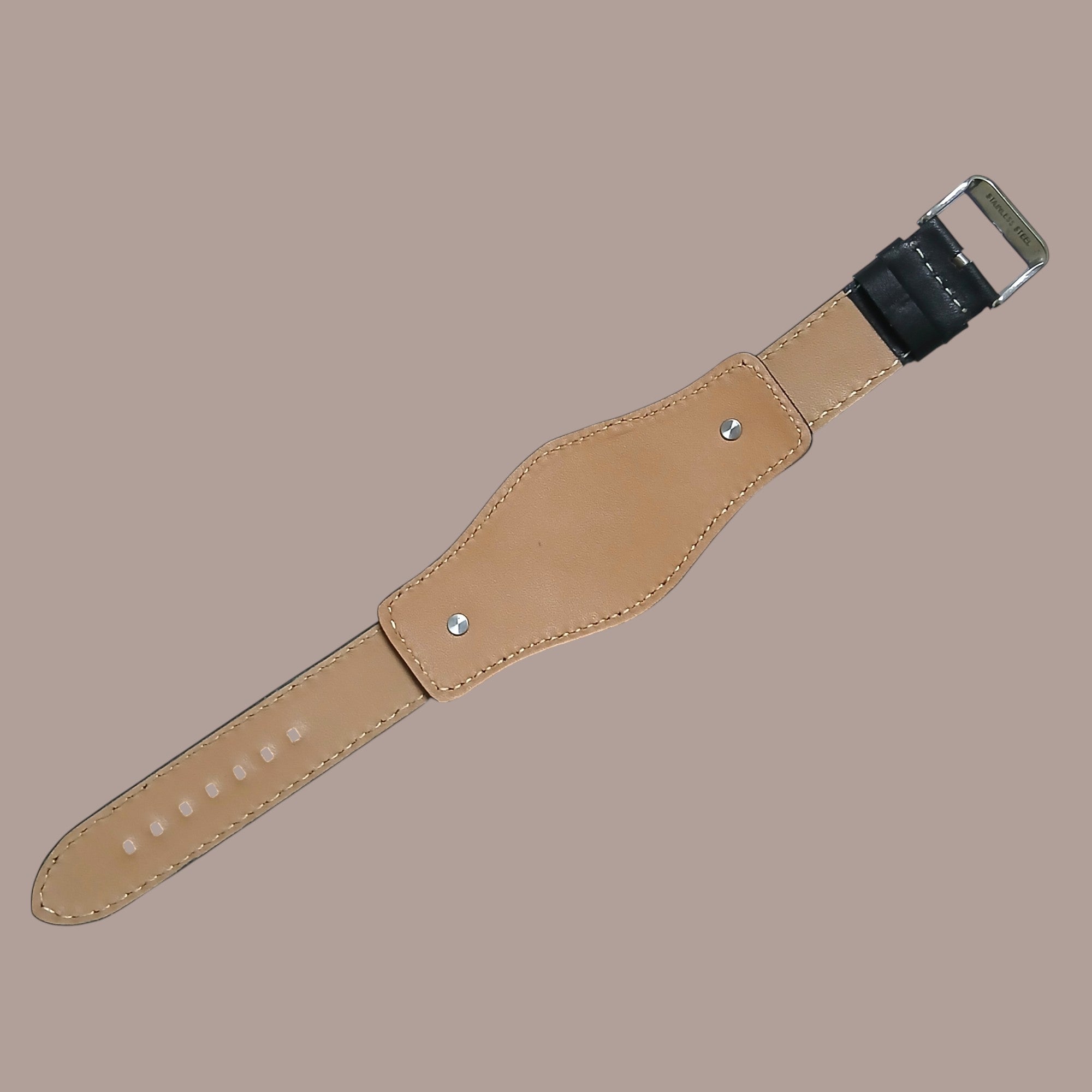 Fossil CH 3003 Modele Uyumlu El Yapımı Siyah Deri Erkek Kol Saati Kayışı Kordonu
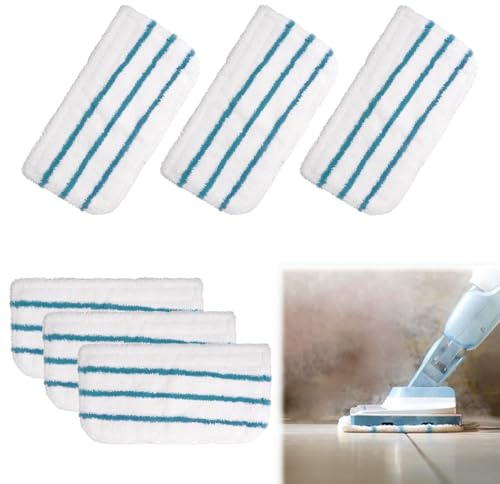 Xiciki 6PCS Steam Mop Pads, for Beldray Steam Cleaner Pads, Washable Microfiber Replacement Pad for Beldray BEL01097 and Black & Decker FSM1500 FSM1600 FSM1610 FSM16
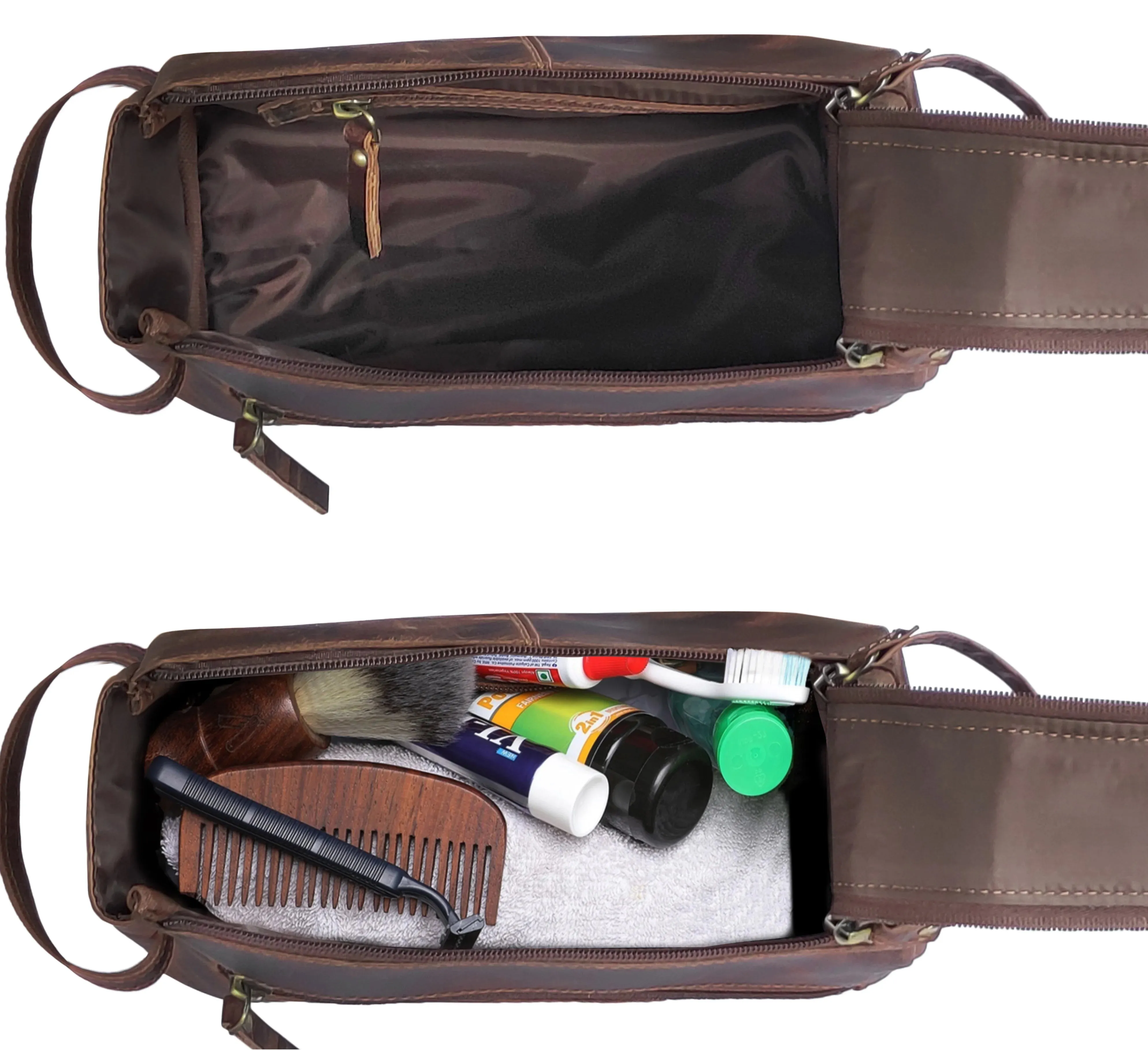 Leather Toiletry Bag for Men (Walnut Brown * 36 pcs)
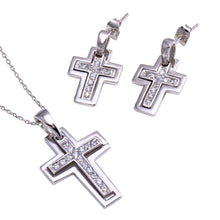 Load image into Gallery viewer, Sterling Silver Rhodium Plated Clear Inlay Cross CZ Dangling Stud Earring and Dangling Necklace Set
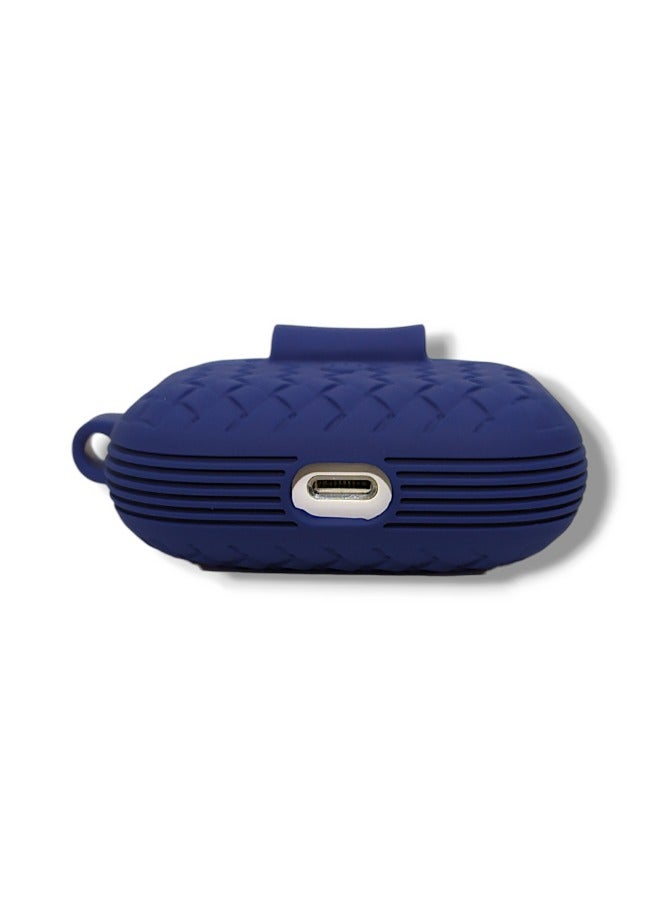 AirPods Pro Silicone Case with Stylish Ribbed Design - Navy  - Image 3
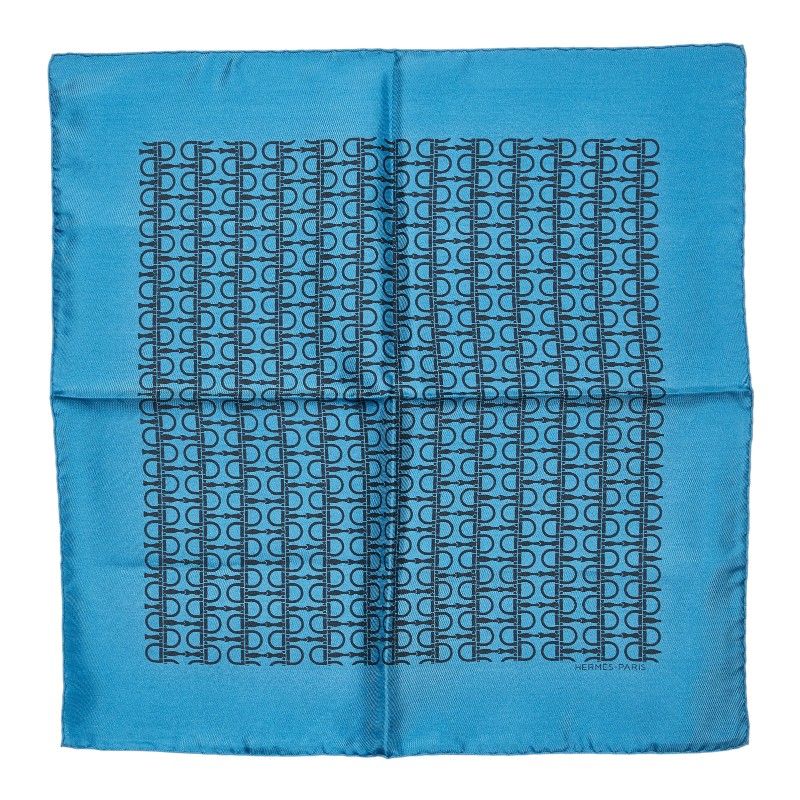 Hermes Carre 45 Petit Scarf Blue Black Silk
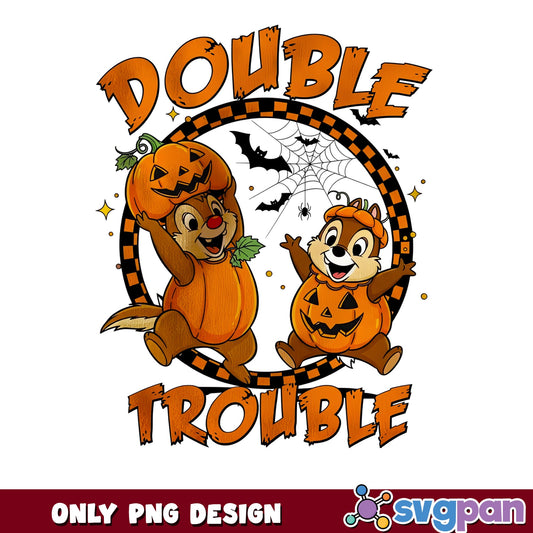 Chip And Dale Double Trouble Halloween PNG, Pumpkin Disney, Spooky PNG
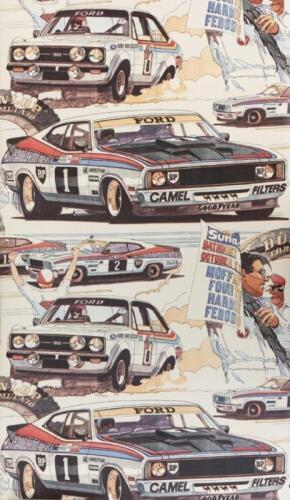 FORD RACING: An interesting circa 1977/8 roll of wallpaper featuring the victory of the Moffat Ford dealers at the 1977 Bathurst and the Nuwe Ford Escort, 260 long, 52.5cm wide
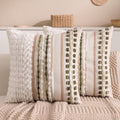 Boho Chenille Tufted Couch Throw Pillow Covers 18x18 Inch Set of 2 Farmhouse Striped Decorative Pillow Covers Accent Neutral Square…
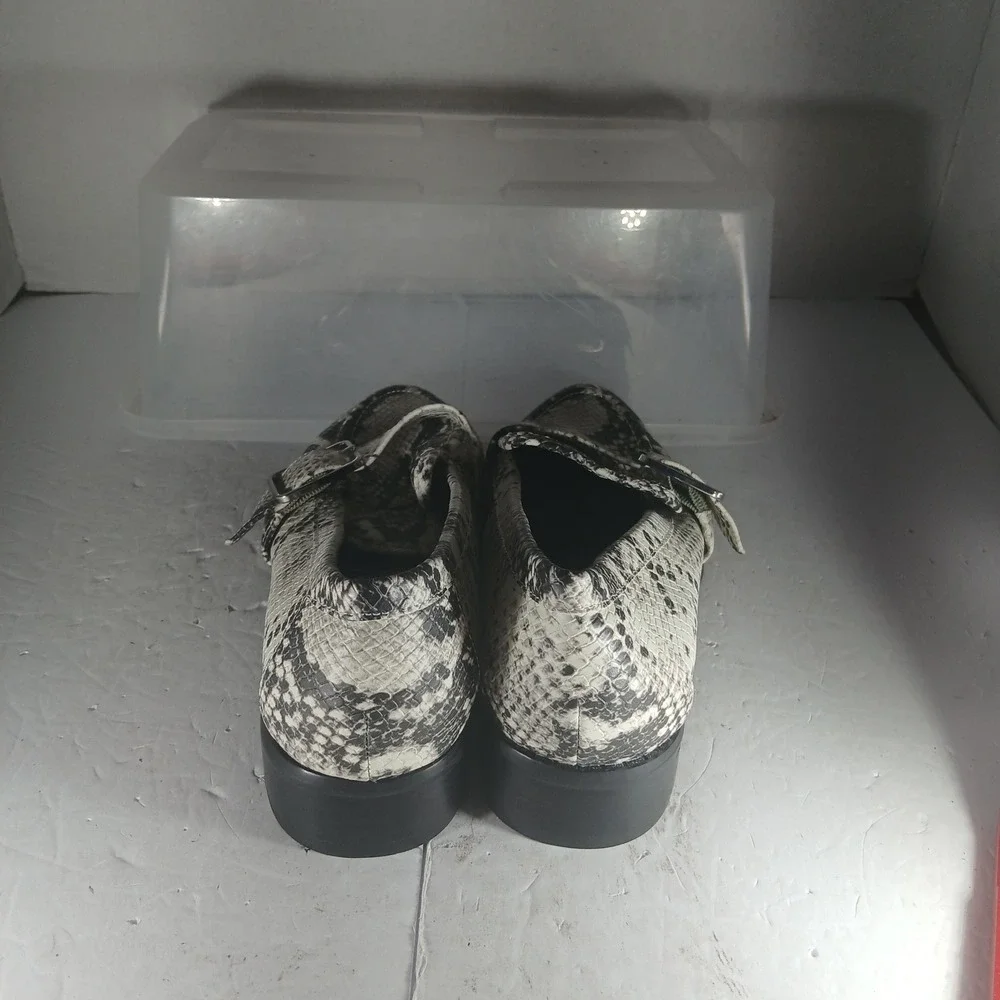 Bleecker & Bond Demi Loafers 6.5 Grey Snakeskin Buckle Flats Almond Toe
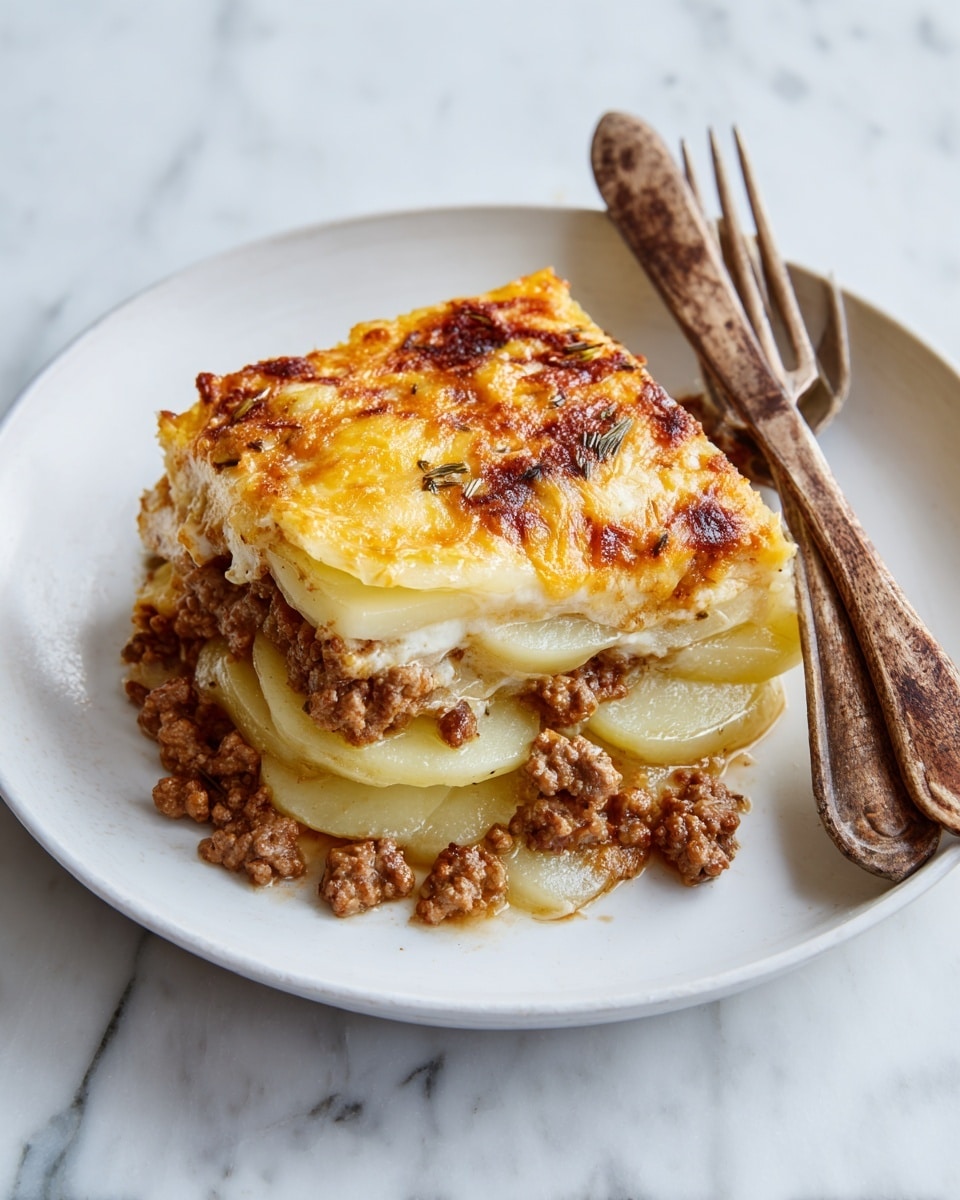 A white plate holds a layered dish with three main layers: a base of soft, sliced yellow potatoes spread across the plate, a middle layer of browned ground meat mixed with small bits of onions and herbs, and a top layer of melted yellow cheese blending softly over the meat and potatoes. The colors are warm tones of golden yellow and brown with some light green herbs visible. A fork and spoon with wooden handles rest crossed on the edge of the plate. The plate sits on a white marbled surface. photo taken with an iphone --ar 4:5 --v 7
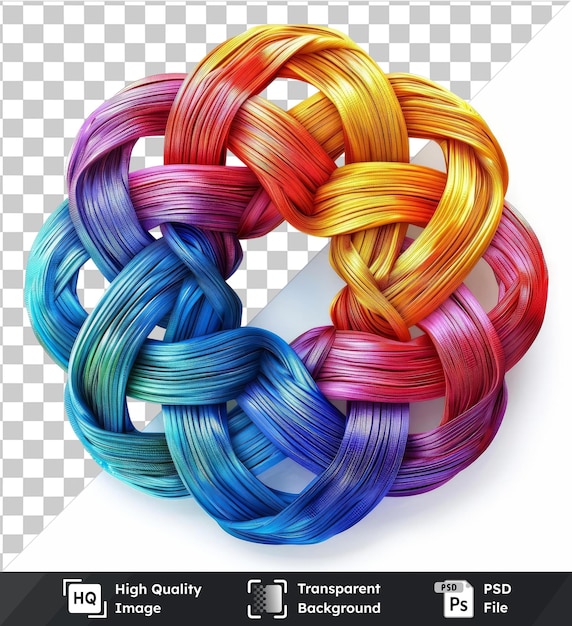 Transparent psd picture abstract color weave vector symbol interlace rainbow colored yarn on a isolated background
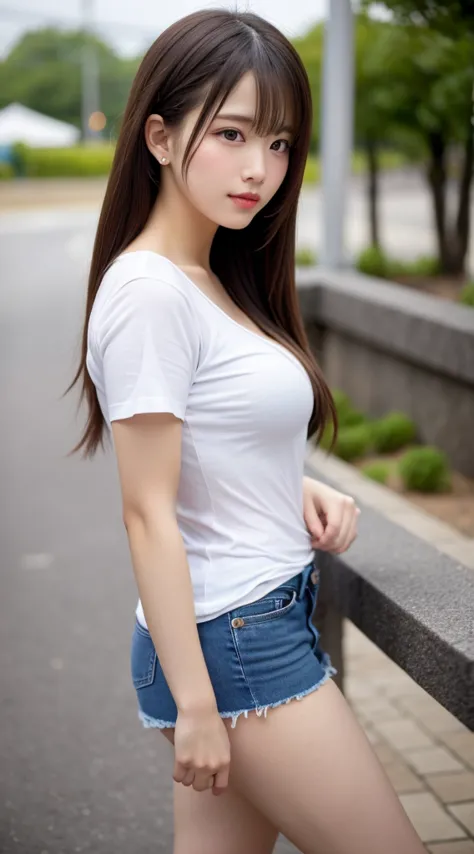    beautiful girl,  very pretty , delicate face,    laugh shyly, Deep Valley), (( in、    away from the camera     ))、(彼女は スレンダーで  big breastsをしている、  white rib knit t-shirt   .   denim skirt、   facing sideways to the viewer、    show me your thighs:1.3), (  ...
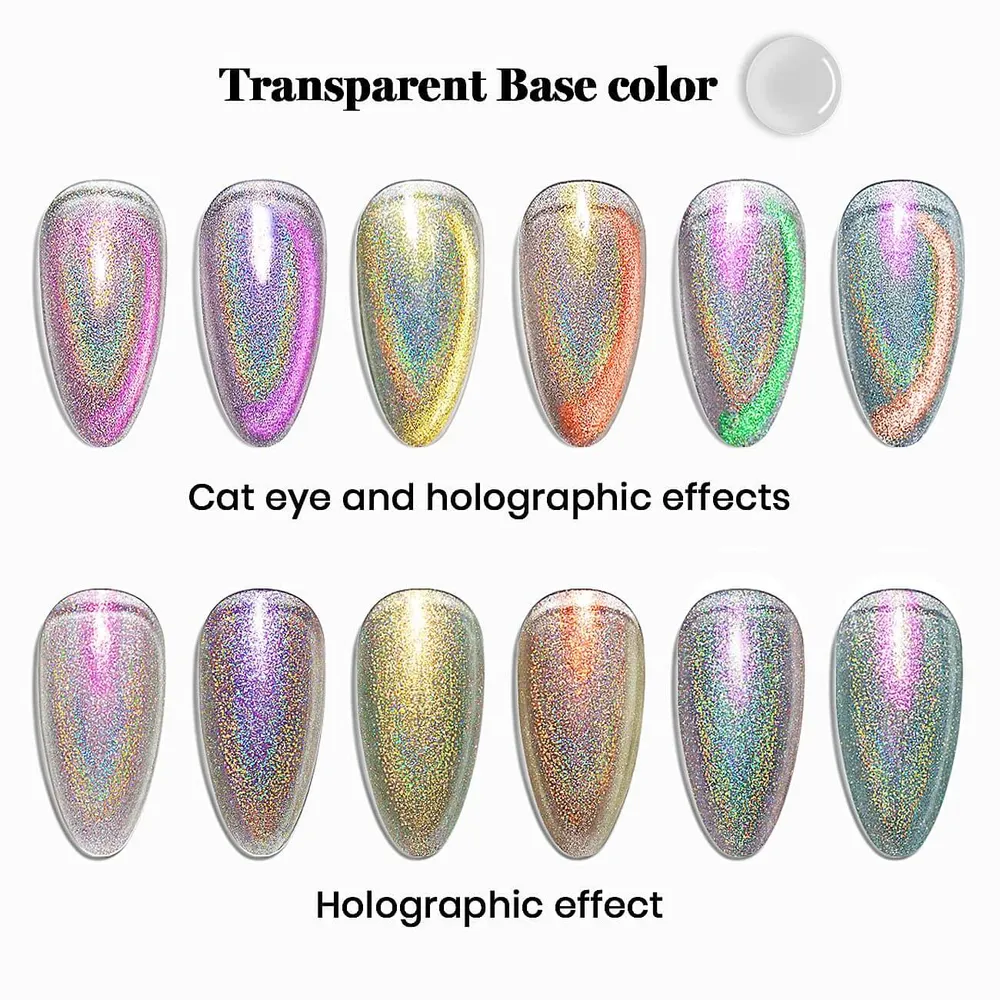 2 1 Holographic Iridato Galaxy Cat Eye Gel Polish - TPO HEMA Free 6 Colors Set 7.5ml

○ ○ ○

→ Task goal: Lines from the one above containing "Hermes Carre 45 Petit Scarf Blue Black Silk" down to the one containing "Bleecker & Bond" should be transcribed exactly, with both ends kept and no pictures.

→ Response area:
 Hermes Carre 45 Petit Scarf Blue Black Silk
 Chip And Dale Double Trouble Halloween PNG, Pumpkin Disney, Spooky PNG
 FORD RACING: An interesting circa 1977/8 roll of wallpaper featuring the victory of the Moffat Ford dealers at the 1977 Bathurst and the Nuwe Ford Escort, 260 long, 52.5cm wide
 Boho Chenille Tufted Couch Throw Pillow Covers 18x18 Inch Set of 2 Farmhouse Striped Decorative Pillow Covers Accent Neutral Square…
 Bleecker & Bond Demi Loafers 6.5 Grey Snakeskin Buckle Flats Almond Toe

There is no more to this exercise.